Tesla names new chair to replace Elon Musk


Electric car company Tesla has appointed an executive at Australian company Telstra to chair its board.

Robyn Denholm takes over the role from founder Elon Musk, who will remain as Tesla’s chief executive.

Mr Musk agreed to give up the chairmanship last month to resolve claims of fraud brought by US financial regulators.

The settlement requires Tesla to install an independent chairman, among other penalties.

The move scotches reports that James Murdoch might have been appointed to the job.

Stronger oversight

Tesla has endured a difficult few months, following comments on social media in early August made by the firm’s founder, Elon Musk, suggesting he had “funding secured” for a deal to take Tesla private. Tesla’s shares soared following his comments.

Weeks later, Mr Musk backed away from the plan, citing investor feedback.

US authorities sued Mr Musk for misleading investors and as a result Tesla and Mr Musk were each required to pay a fine of $20m. Mr Musk was also obliged to relinquish his role as chairman for three years.
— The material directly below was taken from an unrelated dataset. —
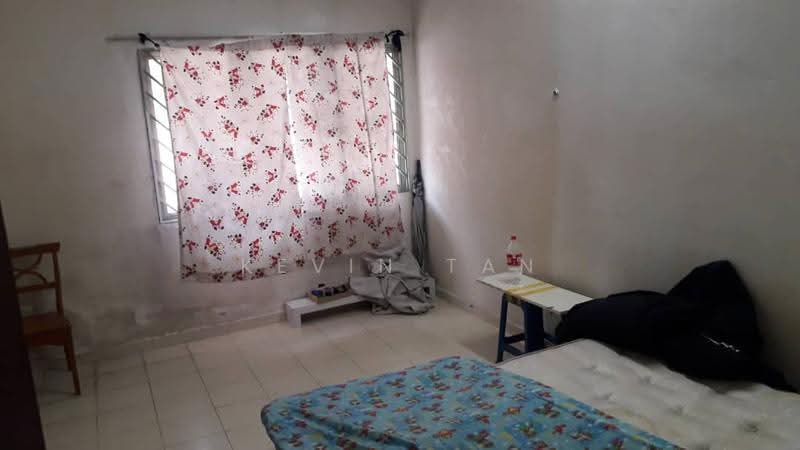 Rumah Teres 2-Tingkat untuk Dijual di BANDAR PUCHONG JAYA (Puchong) - Kevin Tan - Bedroom - PropertyGuru.com.my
Investors had also called for stronger oversight of Mr Musk after his erratic behaviour attracted attention. In media interviews he said he often slept on a sofa in the Tesla office and more recently in an online video he briefly smoked marjuana.

Tesla, which has never reported an annual profit, also came under strain over production schedules for its Model 3 electric car, its newest car aimed at a wider market. However, the carmaker made what Mr Musk called an “historic” profit in the most recent quarter.

‘Extensive experience’

Robyn Denholm has served as a director on Tesla’s board since August 2014. She has been with Australian telecoms firm Telstra since 2017 and was appointed Telstra’s chief financial officer in July this year.

Ms Denholm will take over as chairwoman at Tesla with immediate effect and will take on the role on a full-time basis. However, she will step down temporarily from her role as chairwoman of Tesla’s Audit Committee until she has worked her six-month notice period at Telstra, the company said.

“I believe in this company, I believe in its mission and I look forward to helping Elon and the Tesla team achieve sustainable profitability and drive long-term shareholder value,” Ms Denholm said, following the appointment.

Before moving to Telstra, Ms Denholm, worked for Silicon Valley computing firm Sun Microsystems, Japanese car firm Toyota, consultants Arthur Anderson and, most recently, networking equipment firm Juniper Networks.

“Robyn has extensive experience in both the tech and auto industries, and she has made significant contributions as a Tesla Board member over the past four years in helping us become a profitable company,” said Mr Musk.